That morning before the visitation began there was time set apart specifically for family members to walk up to the casket and say goodbye. As I made my way through the double wooden doors that led way to the sanctuary, I was greeted by a sharp crispness in the air, one that was defined by finitude, grief, and the pains of human reality. Alongside one of my cousins, I made my way to the front and said my tear-filled goodbyes before taking a seat in one of the pews. 

As I sat down, I heard the doors open from behind us and turned to see my aunt, Connor’s mom, walking through the doors into the sanctuary. She was flanked on both sides by my cousins, her remaining son and daughter. As she walked towards the front, she stumbled with almost every step, my cousins holding her up to keep her from collapsing. It took everything in her to make what seemed like a mile-long walk to the casket. To see the pain, the sorrow, the agony at the loss of her son… it was unbearable. Worse than saying my own goodbyes was seeing the grief of a loving mother say goodbye to her son.

Looking back, I can’t help but imagine that is how Mary the Mother of Jesus felt on the day her son was crucified. And not just Mary, but God the Father as well.

Sometimes it can feel like God has forsaken us, that he is far away, and does not answer our cries (vs 1-2). When I wonder where God is in the suffering, I am reminded that he knows suffering all too well. God has not ignored us or turned his back on us, but instead he has heard our cries for help (vs 24). He responds with a story of redemption and resurrection that none of us deserve, but could only hope to be true.

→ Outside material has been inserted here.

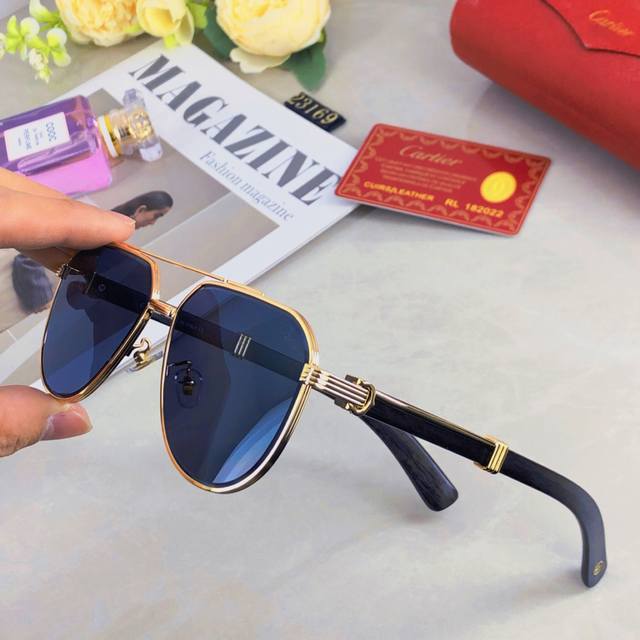 Cartie*时尚欧美双梁太阳镜男防晒防紫外线商务墨镜女户外遮阳眼镜蛤蟆镜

While my cousin’s death didn’t have the same resurrection ending as Jesus’ did, we know that death does not have the final word and we trust that we will see our sweet Connor again in heaven.

And so, we wait. We sit in the already but not yet of death and resurrection. We have hope. Hope that comes when the new day dawns. But until then, we lament the pain and the hardships of this life. We turn to God in our confusion and unknowns. We ask ourselves “Why oh God have you forsaken me?” and we sit and wait, knowing that our God hears every cry and every prayer. And through it all, he has resurrection and new life waiting for us on the other side.